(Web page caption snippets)
=== Section Start ===

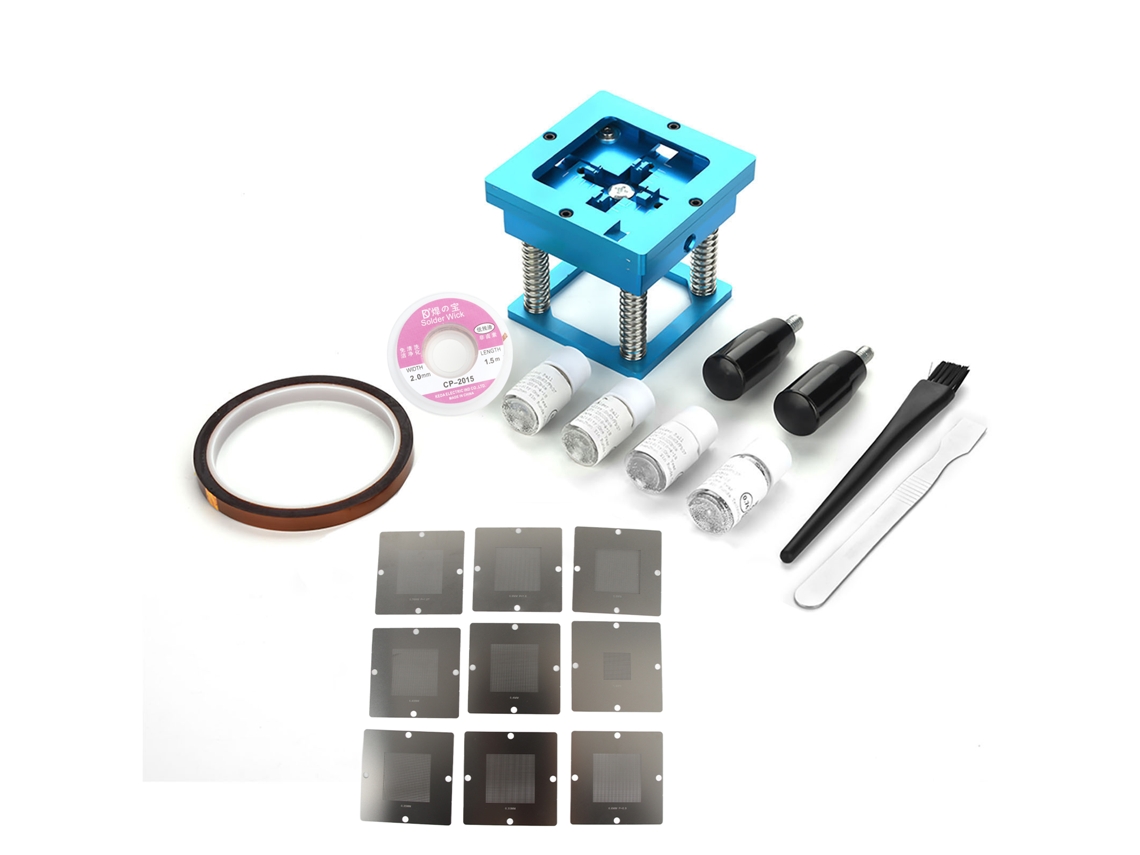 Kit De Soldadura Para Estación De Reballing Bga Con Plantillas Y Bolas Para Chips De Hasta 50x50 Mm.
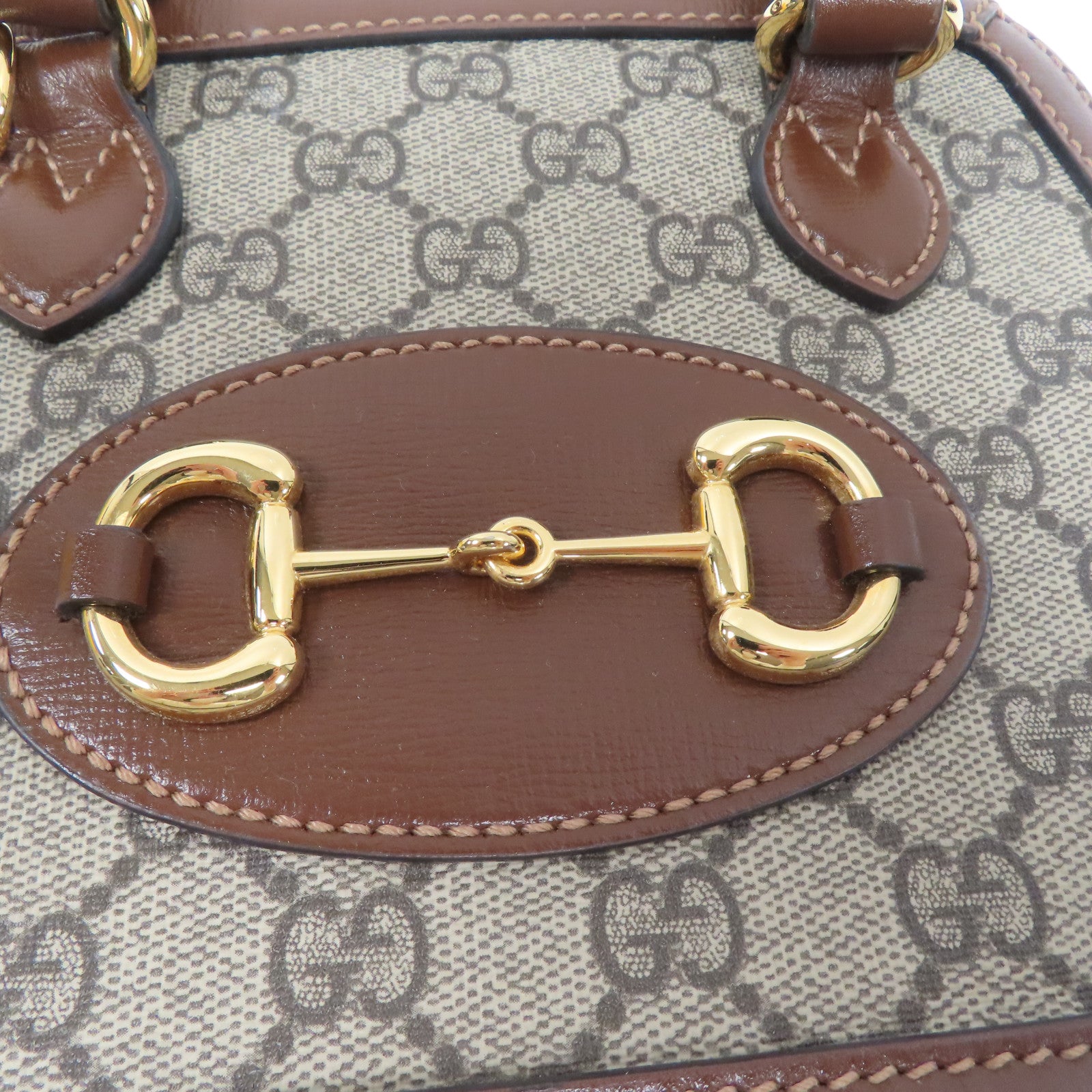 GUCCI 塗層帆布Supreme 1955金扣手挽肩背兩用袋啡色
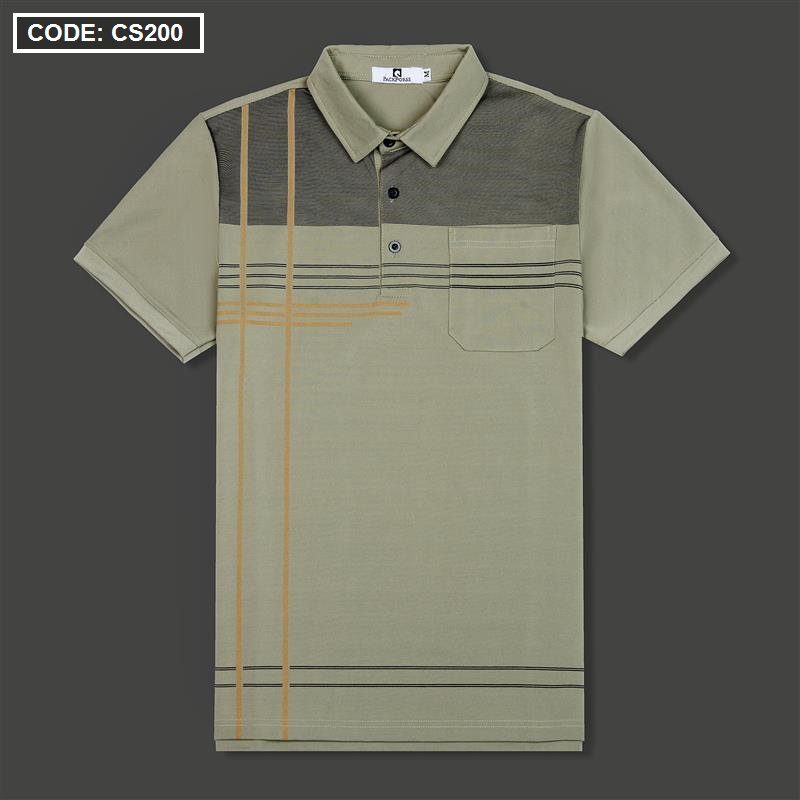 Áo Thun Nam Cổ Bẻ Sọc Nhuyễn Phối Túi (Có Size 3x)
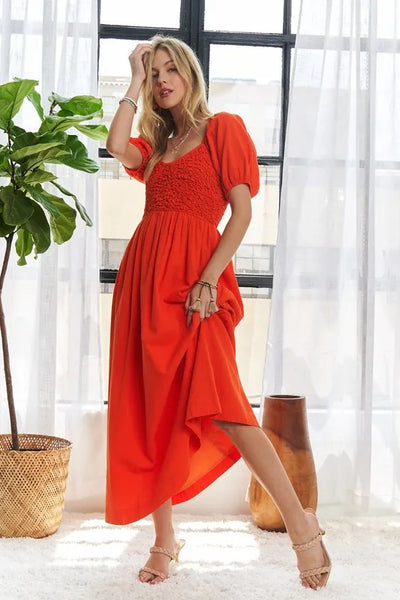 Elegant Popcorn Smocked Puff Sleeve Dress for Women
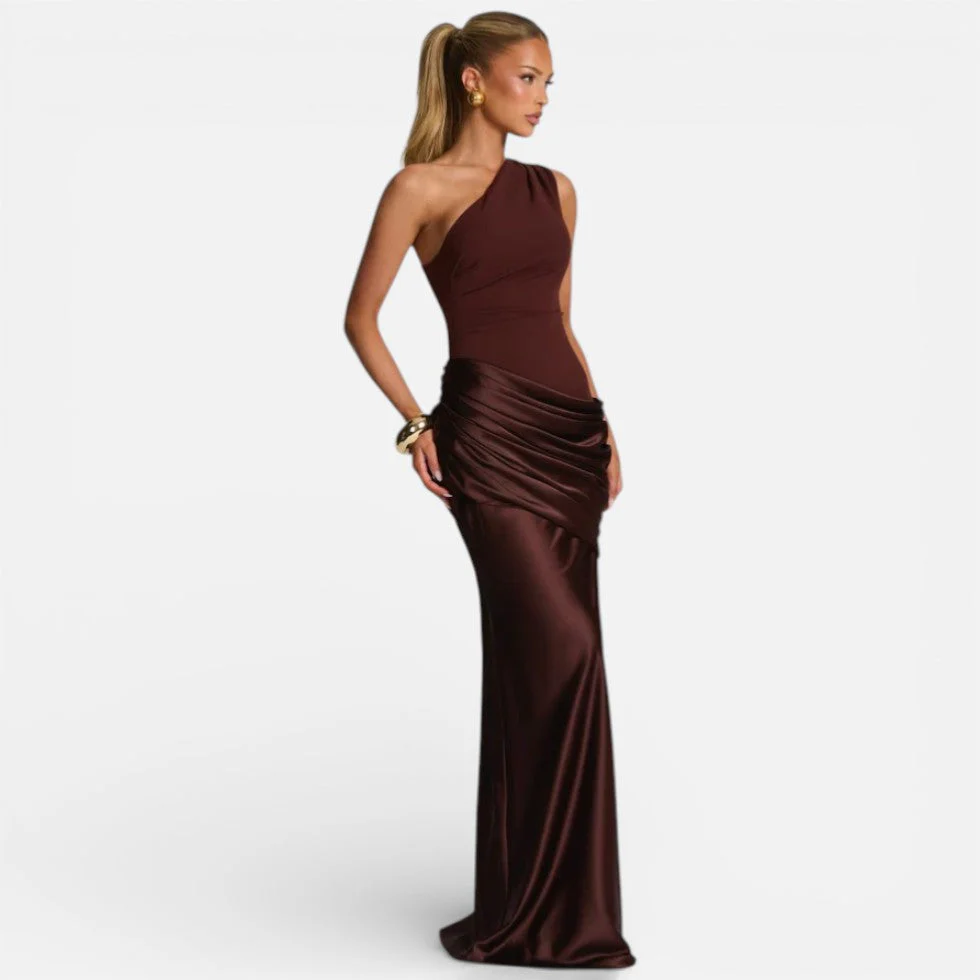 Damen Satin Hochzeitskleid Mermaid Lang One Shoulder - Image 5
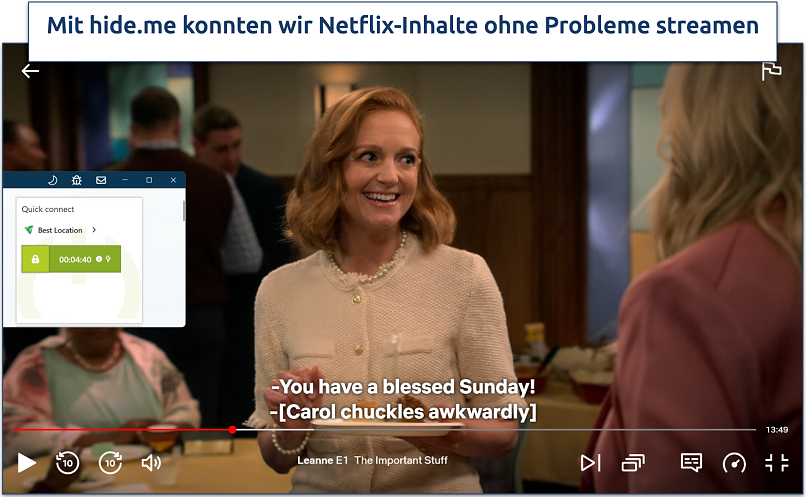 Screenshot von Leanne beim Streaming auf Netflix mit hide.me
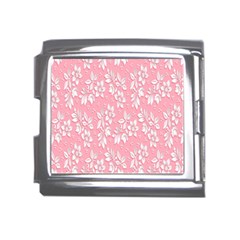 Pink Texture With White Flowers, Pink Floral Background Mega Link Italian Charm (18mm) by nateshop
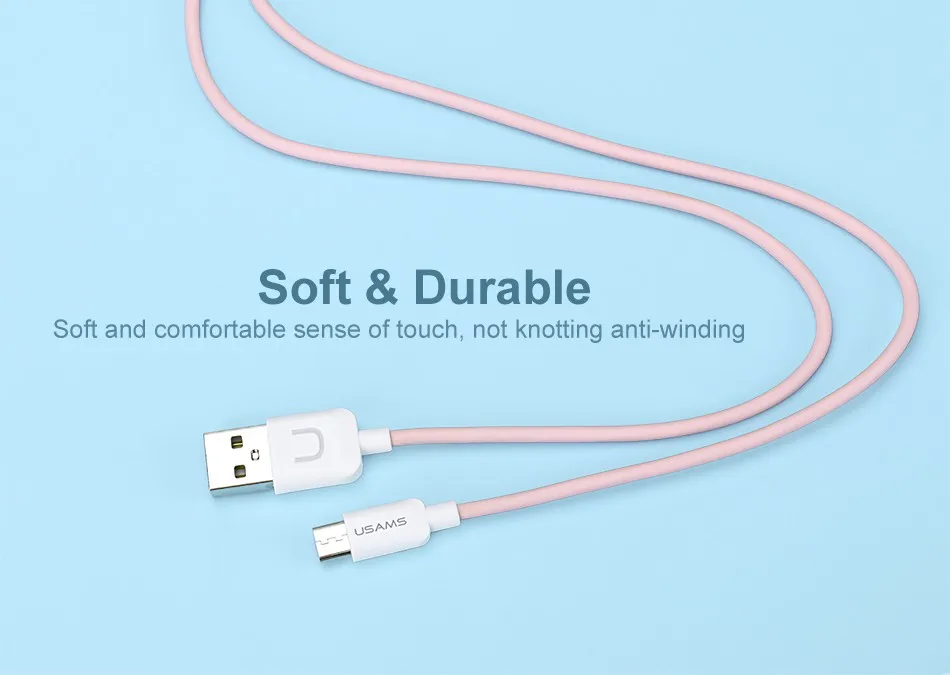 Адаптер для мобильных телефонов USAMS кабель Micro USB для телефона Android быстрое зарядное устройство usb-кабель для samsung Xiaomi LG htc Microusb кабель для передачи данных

=== Section End ===

**WHAT NEEDS TO BE DONE**: Your copy must start at the line that holds "Damen Satin Hochzeitskleid" and end at the last line of the data, both included; it must contain no pictures.

**ANSWER SPACE**:
 Damen Satin Hochzeitskleid Mermaid Lang One Shoulder - Image 5
 Screenshot von Leanne beim Streaming auf Netflix mit hide.me
 Pink Texture With White Flowers, Pink Floral Background Mega Link Italian Charm (18mm) by nateshop
 Адаптер для мобильных телефонов USAMS кабель Micro USB для телефона Android быстрое зарядное устройство usb-кабель для samsung Xiaomi LG htc Microusb кабель для передачи данных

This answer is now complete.